O abismo se aprofunda quando percebemos que a principal ferramenta de proteção, a Lei Maria da Penha, ainda é uma desconhecida para muitas. Quase 70% das brasileiras a conhecem pouco, e o desconhecimento é brutalmente maior entre as mais pobres e com menos estudo. É uma lei que existe no papel, mas que não consegue chegar com força a quem vive na ponta mais frágil da corda. Se a mulher não conhece seus direitos, como pode lutar por eles?
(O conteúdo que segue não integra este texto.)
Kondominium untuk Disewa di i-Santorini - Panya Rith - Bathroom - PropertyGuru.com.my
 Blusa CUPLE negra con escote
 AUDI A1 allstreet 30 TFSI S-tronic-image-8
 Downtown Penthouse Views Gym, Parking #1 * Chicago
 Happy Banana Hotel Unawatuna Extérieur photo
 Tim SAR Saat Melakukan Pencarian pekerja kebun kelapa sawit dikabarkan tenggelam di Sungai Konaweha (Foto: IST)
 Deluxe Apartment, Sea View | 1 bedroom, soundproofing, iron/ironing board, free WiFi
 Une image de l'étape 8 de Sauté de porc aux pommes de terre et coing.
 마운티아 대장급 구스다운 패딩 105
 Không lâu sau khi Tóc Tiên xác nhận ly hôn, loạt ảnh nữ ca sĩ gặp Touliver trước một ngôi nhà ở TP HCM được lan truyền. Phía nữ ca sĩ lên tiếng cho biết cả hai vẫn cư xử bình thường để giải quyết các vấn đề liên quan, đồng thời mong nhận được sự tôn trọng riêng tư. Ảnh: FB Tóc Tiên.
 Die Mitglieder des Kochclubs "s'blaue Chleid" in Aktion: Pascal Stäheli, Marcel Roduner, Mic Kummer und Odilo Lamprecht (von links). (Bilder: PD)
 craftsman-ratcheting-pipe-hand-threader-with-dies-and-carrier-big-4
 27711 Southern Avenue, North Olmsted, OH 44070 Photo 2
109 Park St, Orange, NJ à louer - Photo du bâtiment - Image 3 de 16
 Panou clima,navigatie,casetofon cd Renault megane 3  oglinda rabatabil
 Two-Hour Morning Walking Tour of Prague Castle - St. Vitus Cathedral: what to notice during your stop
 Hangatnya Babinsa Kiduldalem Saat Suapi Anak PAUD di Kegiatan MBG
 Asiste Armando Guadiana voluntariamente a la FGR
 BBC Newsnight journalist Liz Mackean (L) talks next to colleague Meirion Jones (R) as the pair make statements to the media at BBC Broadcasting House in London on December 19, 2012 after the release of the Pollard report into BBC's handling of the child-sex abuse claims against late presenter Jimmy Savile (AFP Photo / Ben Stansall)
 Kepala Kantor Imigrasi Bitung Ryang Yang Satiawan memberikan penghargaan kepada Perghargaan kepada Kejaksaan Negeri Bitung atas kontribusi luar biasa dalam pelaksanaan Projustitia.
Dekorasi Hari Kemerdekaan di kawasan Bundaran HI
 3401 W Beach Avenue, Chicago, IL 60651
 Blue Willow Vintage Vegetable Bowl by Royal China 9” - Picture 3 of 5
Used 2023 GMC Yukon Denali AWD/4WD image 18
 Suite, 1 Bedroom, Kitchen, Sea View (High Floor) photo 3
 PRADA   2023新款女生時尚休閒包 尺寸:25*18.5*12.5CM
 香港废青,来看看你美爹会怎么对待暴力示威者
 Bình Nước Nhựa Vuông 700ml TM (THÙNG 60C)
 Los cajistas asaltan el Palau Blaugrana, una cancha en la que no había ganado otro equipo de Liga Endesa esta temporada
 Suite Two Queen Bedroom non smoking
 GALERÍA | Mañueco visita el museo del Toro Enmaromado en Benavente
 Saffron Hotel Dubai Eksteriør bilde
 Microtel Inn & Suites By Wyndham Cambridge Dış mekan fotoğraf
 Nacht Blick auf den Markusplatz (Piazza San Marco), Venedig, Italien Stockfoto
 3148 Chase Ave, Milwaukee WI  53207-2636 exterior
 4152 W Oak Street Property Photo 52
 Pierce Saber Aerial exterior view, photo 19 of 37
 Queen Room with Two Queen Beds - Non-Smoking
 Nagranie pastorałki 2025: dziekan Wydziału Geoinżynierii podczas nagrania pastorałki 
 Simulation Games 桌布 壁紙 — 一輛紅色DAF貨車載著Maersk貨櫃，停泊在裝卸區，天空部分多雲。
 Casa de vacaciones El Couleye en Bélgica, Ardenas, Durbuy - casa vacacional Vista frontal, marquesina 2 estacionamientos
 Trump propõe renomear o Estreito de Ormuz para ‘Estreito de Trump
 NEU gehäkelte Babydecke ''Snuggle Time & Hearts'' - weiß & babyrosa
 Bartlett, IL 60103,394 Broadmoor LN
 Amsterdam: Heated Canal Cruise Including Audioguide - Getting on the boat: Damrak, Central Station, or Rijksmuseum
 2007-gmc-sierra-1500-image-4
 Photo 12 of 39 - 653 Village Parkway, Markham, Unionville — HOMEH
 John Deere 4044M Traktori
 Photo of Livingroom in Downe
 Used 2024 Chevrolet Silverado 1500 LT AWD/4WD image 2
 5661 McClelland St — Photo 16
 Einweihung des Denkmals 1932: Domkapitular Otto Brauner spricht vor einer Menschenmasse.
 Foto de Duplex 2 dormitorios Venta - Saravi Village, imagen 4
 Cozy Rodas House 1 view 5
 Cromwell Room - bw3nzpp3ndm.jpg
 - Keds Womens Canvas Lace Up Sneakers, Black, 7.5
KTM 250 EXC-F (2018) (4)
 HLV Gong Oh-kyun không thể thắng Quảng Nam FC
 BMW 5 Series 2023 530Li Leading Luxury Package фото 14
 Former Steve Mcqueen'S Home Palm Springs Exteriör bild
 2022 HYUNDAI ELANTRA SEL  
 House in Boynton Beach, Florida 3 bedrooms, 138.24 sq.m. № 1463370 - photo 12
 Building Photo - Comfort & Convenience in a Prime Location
Então, o que fazemos? Cruzamos os braços e lamentamos os números a cada ano? Não. A solução existe, mas exige coragem e ação coordenada. Precisamos ir além de inaugurar mais delegacias. É urgente fortalecer e divulgar toda a rede de apoio, como as Casas da Mulher Brasileira, que ainda são desconhecidas por grande parte da população. Precisamos capacitar líderes religiosos, amigos e familiares para que saibam como orientar uma vítima, em vez de dizer “tenha paciência” ou “pense nos seus filhos”.
A mudança verdadeira, contudo, começa na mente e no bolso. Precisamos de educação para desconstruir a cultura do machismo que ensina homens a serem violentos e mulheres a serem submissas. E, de forma pragmática, precisamos dar autonomia financeira a essas mulheres. Como uma mulher pode deixar um lar violento se não tem para onde ir ou como sustentar a si e a seus filhos? Programas de emprego e empreendedorismo não são gastos, são investimentos na vida.
A luta é árdua, mas não impossível. Cada mulher que consegue romper o silêncio, cada agressor que é responsabilizado, é uma vitória. Mas não podemos mais depender apenas da coragem individual das vítimas. Essa é uma responsabilidade de todos. A pergunta que fica neste 25 de novembro não é apenas o que o governo vai fazer, mas o que você vai fazer. O silêncio nos torna cúmplices. É hora de fazer barulho.